Problem to solve: Would you please print exactly the lines that run from the one with "Borsa a Spalla" to the last line of the data, both included, without any pictures?

Raw data:
[Start of Attachment]
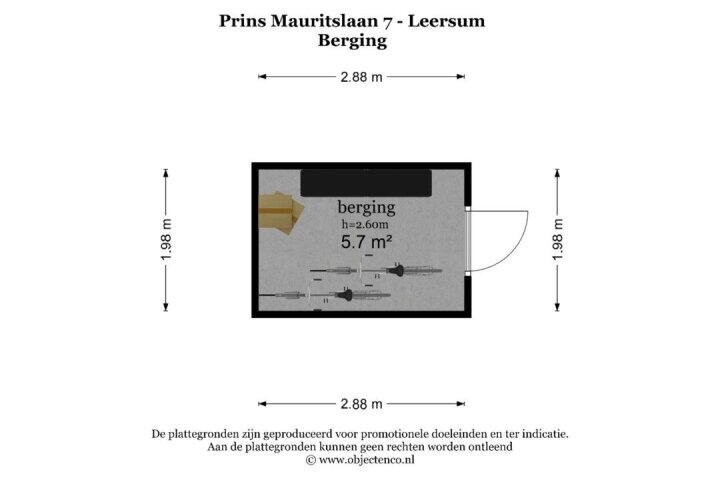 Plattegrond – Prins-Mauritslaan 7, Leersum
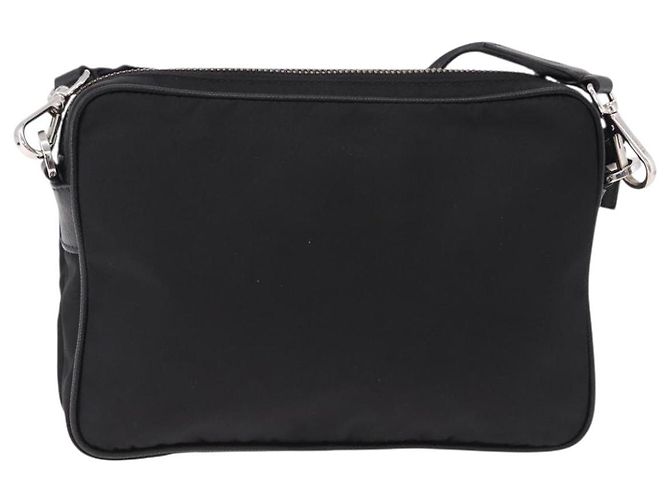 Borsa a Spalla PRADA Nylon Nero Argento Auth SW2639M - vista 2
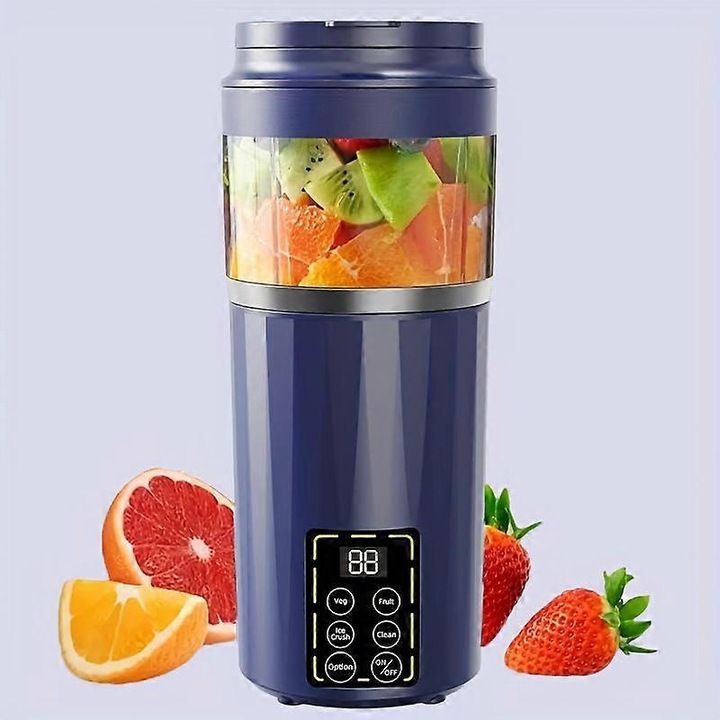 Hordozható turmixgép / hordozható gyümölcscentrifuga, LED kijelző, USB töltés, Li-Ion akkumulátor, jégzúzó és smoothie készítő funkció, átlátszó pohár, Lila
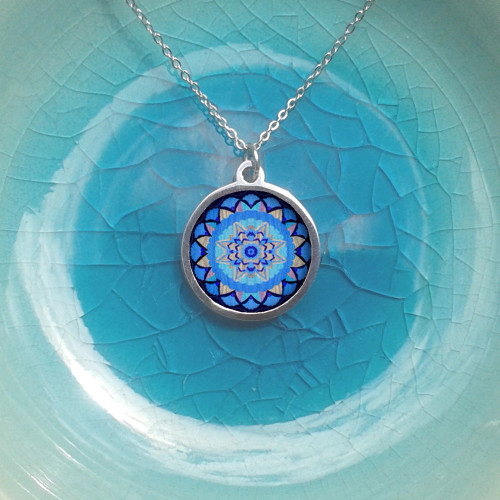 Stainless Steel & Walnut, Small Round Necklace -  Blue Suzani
[End of Attachment]
The answer:
 Borsa a Spalla PRADA Nylon Nero Argento Auth SW2639M - vista 2
 Hordozható turmixgép / hordozható gyümölcscentrifuga, LED kijelző, USB töltés, Li-Ion akkumulátor, jégzúzó és smoothie készítő funkció, átlátszó pohár, Lila
 Stainless Steel & Walnut, Small Round Necklace -  Blue Suzani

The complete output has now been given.